Afortunadamente, la violencia no desbordó los cauces institucionales de nuestra entonces germinal democracia y a pesar de ser un año de quiebre, lograron prevalecer las condiciones básicas para recrear la disputa por el poder de manera democrática. A ello contribuyeron tanto el rápido cese al fuego en Chiapas a unas semanas de la irrupción del EZLN y el inicio del diálogo y de las negociaciones con el gobierno, lo que, más allá de la validez de las reivindicaciones históricas de los indígenas (que sin duda pueden discutirse, y de hecho así ocurrió), conjuró la continuidad de vía armada como una ruta inaceptable y antidemocrática para acceder al poder —algo con lo que, buena parte de la izquierda y de la intelectualidad mexicanas, siguen siendo deudores porque lejos de su condena, venga de quien venga, aún hoy continúa coqueteando románticamente con su presunta justificación y legitimidad—, como la importante reforma electoral que se concretó en pleno proceso electoral y que generaría las condiciones jurídicas y políticas necesarias para poderlo conducir de manera confiable y creíble para los actores políticos.
Probablemente forzada por el contexto, pero indispensable para concitar la convergencia de todas las fuerzas políticas, la reforma electoral de 1994 significó un gran paso adelante en términos de la democratización de nuestro sistema político porque allanó muchas de las reticencias que el PRI y el gobierno habían planteado hasta entonces.

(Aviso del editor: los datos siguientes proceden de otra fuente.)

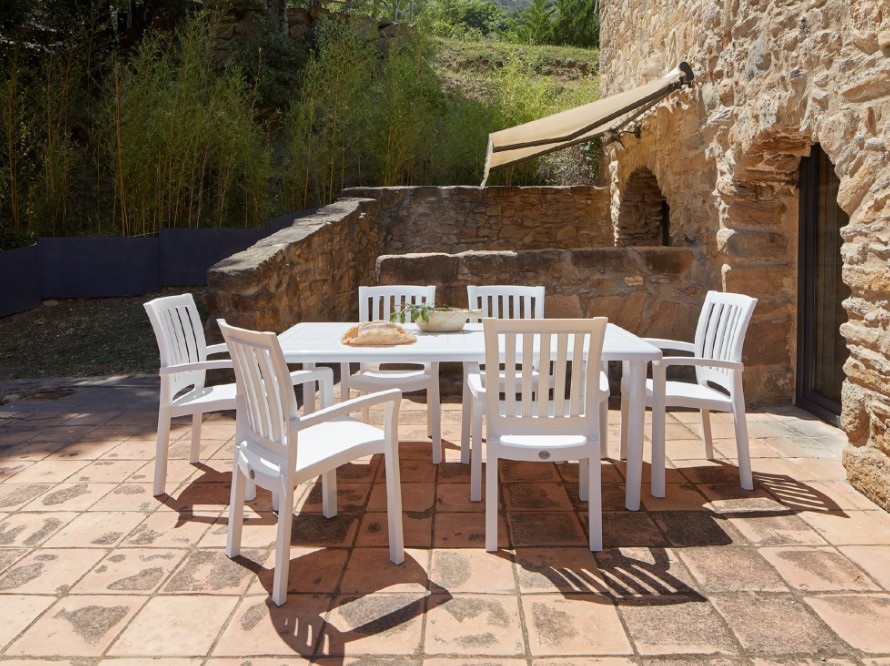 Mesa OLOT Rectangular Exterior 180x90 en Blanco 3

Entre otras cosas, se reconfiguró radicalmente al Consejo General del entonces IFE, dando por terminada la primacía de facto que el oficialismo había tenido en dicho órgano. Por primera vez los partidos tuvieron una representación igualitaria y no proporcional a su peso electoral y perdieron el derecho de voto que hasta entonces habían mantenido. Además, se sustituyó la figura de los Consejeros Magistrados propuestos por el presidente de la República al Congreso por seis Consejeros Ciudadanos pactados por los partidos políticos quienes tuvieron el peso determinante en la toma de las decisiones al constituir la mayoría de los once votos posibles, con lo que se dio un paso importantísimo en la construcción de la autonomía e independencia del órgano electoral.
Además, por primera vez se reconoció la figura de las organizaciones de observadores electorales nacionales (en la reforma de 1993 se había aprobado la observación de manera individual circunscrita sólo a la jornada electoral) y su derecho a vigilar todas las etapas del proceso y se abrió la puerta a la observación internacional a través de los visitantes extranjeros, con lo que se introdujo un importante componente de integridad a nuestras elecciones.

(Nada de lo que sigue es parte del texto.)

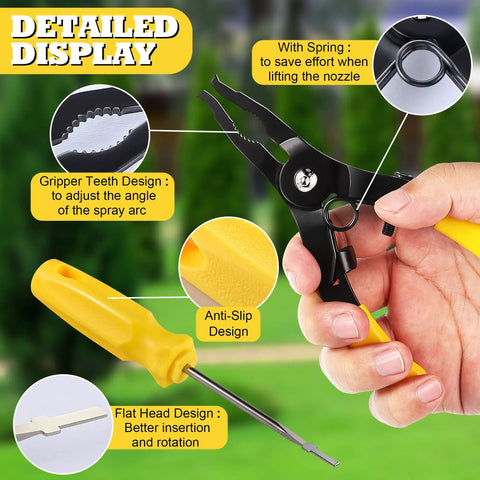 Detailed features of All In One Sprinkler Head Removal Tool Set For Rain Bird 1800 And 5000 Series Pop Up Heads, Easy Lift And Hold.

Las de ese año, por otra parte, fueron las primeras que se fiscalizaron por parte del IFE y aunque entonces estábamos muy lejos de la exhaustividad y profundidad de las revisiones de ingreso y gasto que hoy realiza el INE, sirvió para evidenciar que el PRI había erogado cerca del 80% del gasto y colocar sobre la mesa la necesidad de construir, en adelante, condiciones equitativas de la competencia.
Parafraseando a Jorge Carpizo, la reforma electoral y las elecciones de 1994 (las primeras cuyos resultados no fueron cuestionados por las fuerzas de oposición, las que inauguraron nuestra —entonces aún incipiente— vida democrática y las que hasta ahora son un referente en términos de participación ciudadana con casi un 80%) fueron la manera mediante la que la sociedad le dijo no a la violencia. A treinta años, inmersos en un tipo de violencia distinta pero igualmente preocupante y de cara a la elección más grande de nuestra historia, vale la pena recordar que la democracia sólo puede recrearse en un contexto de paz y tolerancia.